In context: When most people think about space satellites, they probably imagine large assemblies costing millions. An experiment from Brown University seeks to upend traditional assumptions about satellites by finding ways to build them cheaply and without leaving behind space junk.

New data from a satellite built by college students shows encouraging signs that could lead to cheaper satellites and less space junk. One 3D-printed component, in particular, could contribute significantly to the fight to keep the space orbiting Earth clean.

Students and faculty from Brown University started the project in collaboration with the Institute on Atmospheric Pollution of the National Research Council. Italian aerospace company D-Orbit, AMSAT-Italy, La Sapienza-University of Rome, and the NASA Rhode Island Space Grant also lent support. Its name, SBUDNIC, is a play on the Russian Sputnik 1 satellite and an acronym of the participants' names.

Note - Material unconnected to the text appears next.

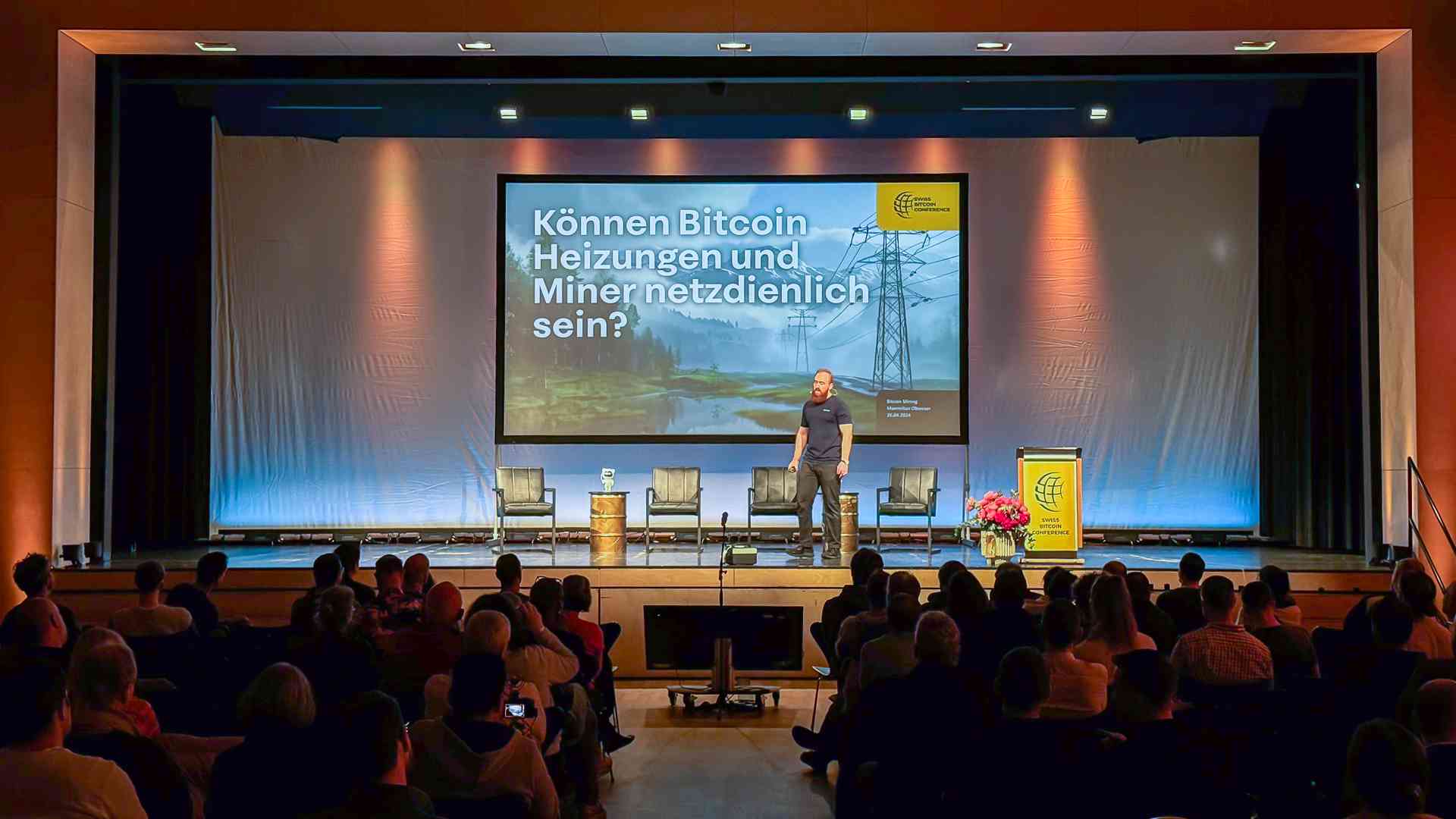 Swiss Bitcoin Conference - 21energy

The craft is a 3U CubeSat (about 10x10x34.05cm) that delivers low-resolution images from orbit with a total budget of around $10,000. Almost all its components are available from either Amazon or ordinary hardware stores.

The processor controlling the satellite is a $20 Arduino Nano BLE. The entire control system, including the CPU, motherboard, and other parts, costs just $175. A ham radio-based add-on handles communication, 48 AA batteries provide power, and the students 3D printed a drag sail that acts as an altitude control mechanism.

The students designed the sail to dramatically decrease the satellite's maximum lifespan, which could become a method to ensure space junk falls out of orbit more quickly. Space debris, comprised of either out-of-service satellites or jettisoned spaceship parts, has become a growing threat to anything we launch into orbit.

One project engineer estimates that most satellites stay in orbit for decades, even long after we no longer need them. The SBUDNIC craft should fall out of orbit within five years. The satellite launched on the SpaceX Falcon 9 rocket last May, deploying the sail at an elevation of 520 kilometers.

Public Air Force Space Command tracking data shows that the Brown University satellite is accelerating from its companions and approaching reentry. So far, SBUDNIC's orbit has decayed to 470km. In comparison, other small devices launched on the same rocket still orbit above 500km.